## Materials provided
-*-

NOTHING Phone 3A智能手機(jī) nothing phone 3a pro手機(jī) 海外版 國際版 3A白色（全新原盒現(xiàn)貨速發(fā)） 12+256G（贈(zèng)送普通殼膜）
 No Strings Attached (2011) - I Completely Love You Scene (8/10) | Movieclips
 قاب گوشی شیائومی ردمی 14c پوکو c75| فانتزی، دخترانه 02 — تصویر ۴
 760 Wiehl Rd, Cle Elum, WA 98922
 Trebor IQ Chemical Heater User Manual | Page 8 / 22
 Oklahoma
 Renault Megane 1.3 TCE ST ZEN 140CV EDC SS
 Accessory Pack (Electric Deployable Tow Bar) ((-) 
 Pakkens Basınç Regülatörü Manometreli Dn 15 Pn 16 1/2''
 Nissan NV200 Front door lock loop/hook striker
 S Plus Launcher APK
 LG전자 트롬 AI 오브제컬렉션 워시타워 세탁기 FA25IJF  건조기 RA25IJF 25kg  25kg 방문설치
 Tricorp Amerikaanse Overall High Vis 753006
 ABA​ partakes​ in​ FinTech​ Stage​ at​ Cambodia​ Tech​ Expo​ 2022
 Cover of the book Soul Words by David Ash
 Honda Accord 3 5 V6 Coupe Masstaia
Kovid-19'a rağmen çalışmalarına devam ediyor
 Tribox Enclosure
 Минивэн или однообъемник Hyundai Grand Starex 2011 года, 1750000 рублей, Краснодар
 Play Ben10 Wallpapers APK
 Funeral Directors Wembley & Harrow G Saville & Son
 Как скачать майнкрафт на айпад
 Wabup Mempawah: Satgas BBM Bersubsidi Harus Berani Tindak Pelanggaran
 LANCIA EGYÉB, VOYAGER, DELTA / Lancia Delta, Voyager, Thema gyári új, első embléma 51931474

-*-

## Problem
Take the records shown above and output them again exactly.

## Result of the task
NOTHING Phone 3A智能手機(jī) nothing phone 3a pro手機(jī) 海外版 國際版 3A白色（全新原盒現(xiàn)貨速發(fā)） 12+256G（贈(zèng)送普通殼膜）
 No Strings Attached (2011) - I Completely Love You Scene (8/10) | Movieclips
 قاب گوشی شیائومی ردمی 14c پوکو c75| فانتزی، دخترانه 02 — تصویر ۴
 760 Wiehl Rd, Cle Elum, WA 98922
 Trebor IQ Chemical Heater User Manual | Page 8 / 22
 Oklahoma
 Renault Megane 1.3 TCE ST ZEN 140CV EDC SS
 Accessory Pack (Electric Deployable Tow Bar) ((-) 
 Pakkens Basınç Regülatörü Manometreli Dn 15 Pn 16 1/2''
 Nissan NV200 Front door lock loop/hook striker
 S Plus Launcher APK
 LG전자 트롬 AI 오브제컬렉션 워시타워 세탁기 FA25IJF  건조기 RA25IJF 25kg  25kg 방문설치
 Tricorp Amerikaanse Overall High Vis 753006
 ABA​ partakes​ in​ FinTech​ Stage​ at​ Cambodia​ Tech​ Expo​ 2022
 Cover of the book Soul Words by David Ash
 Honda Accord 3 5 V6 Coupe Masstaia
Kovid-19'a rağmen çalışmalarına devam ediyor
 Tribox Enclosure
 Минивэн или однообъемник Hyundai Grand Starex 2011 года, 1750000 рублей, Краснодар
 Play Ben10 Wallpapers APK
 Funeral Directors Wembley & Harrow G Saville & Son
 Как скачать майнкрафт на айпад
 Wabup Mempawah: Satgas BBM Bersubsidi Harus Berani Tindak Pelanggaran
 LANCIA EGYÉB, VOYAGER, DELTA / Lancia Delta, Voyager, Thema gyári új, első embléma 51931474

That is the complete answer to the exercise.